Benefits of CLG Designation

There are many advantages to earning CLG designation as a community. The program helps a community with preservation generally in three ways, since it—

  • promotes community-wide preservation;
  • recognizes and supports a community’s local preservation programs; and
  • establishes the credentials of quality for local preservation programs.

As a CLG, a community

  • assumes a formal role in the identification, evaluation, and protection of its heritage resources;
  • has the right to comment on the eligibility of resources nominated for listing in the National Register of Historic Places in its jurisdiction;
  • receives technical assistance from DHR and the National Park Service;
  • learns from each other CLGs by sharing experiences, concerns, solutions to problems;
  • can apply for matching grants for preservation programs from a 10% share of Virginia’s annual federal appropriation;
  • gains full access to DHR’s GIS-based Virginia Cultural Resource database (V-CRIS), an $800 value annually;
  • is eligible for stipends to selected preservation conferences and workshops;
  • is automatically considered for the DHR Cost Share Program funding for survey projects in which CLG grant funding is unavailable; and
  • is granted the right to be a “consulting party” in a project requiring Section 106 review.

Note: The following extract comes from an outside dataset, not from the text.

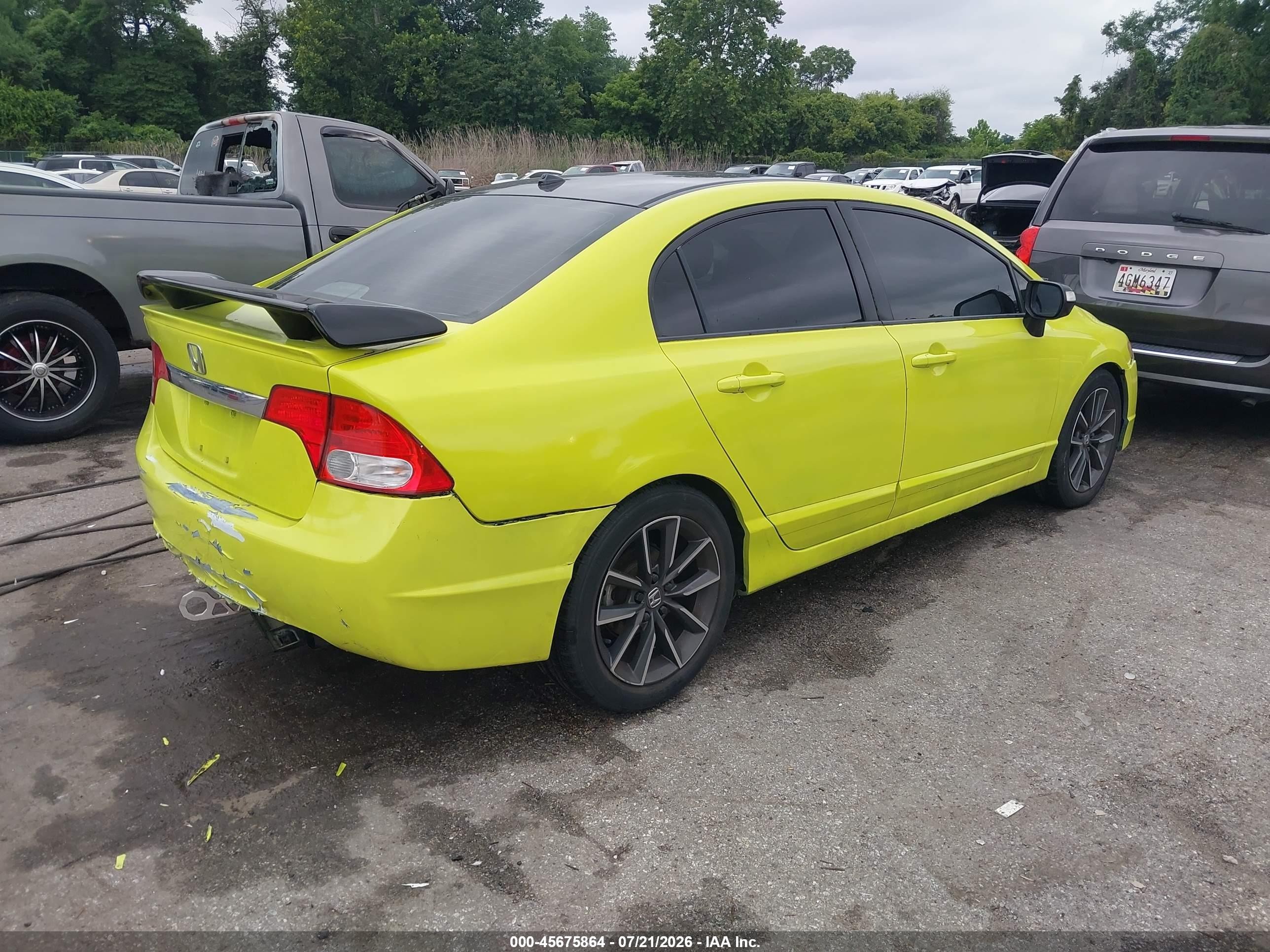 2009 Honda Civic Hybrid   Желтый vin: JHMFA36229S009364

CLG grants can be used in the following ways:

  • for surveys of architectural or archaeological resources;
  • for preparation of Preliminary Information Forms or National Register of Historic Places nominations for local heritage resources;
  • for heritage stewardship planning projects such as drafting historic preservation plans, archaeological assessments, preservation components of comprehensive plans, or condition assessment reports;
  • for public education programs concerned with a heritage stewardship program;
  • for local review board or targeted audience training and education projects such as development of materials or programs, including training sessions and hands-on workshops;
  • for testing archaeological sites to determine their significance or for pure research, education, or mitigation (as the latter pertains to Section 106 requirements);
  • for rehabilitation of buildings listed in the National Register of Historic Places that are publicly owned or are privately owned and selected through a local grant competition;
  • for drafting new or updated design guidelines; and
  • for materials research on a rehabilitation project.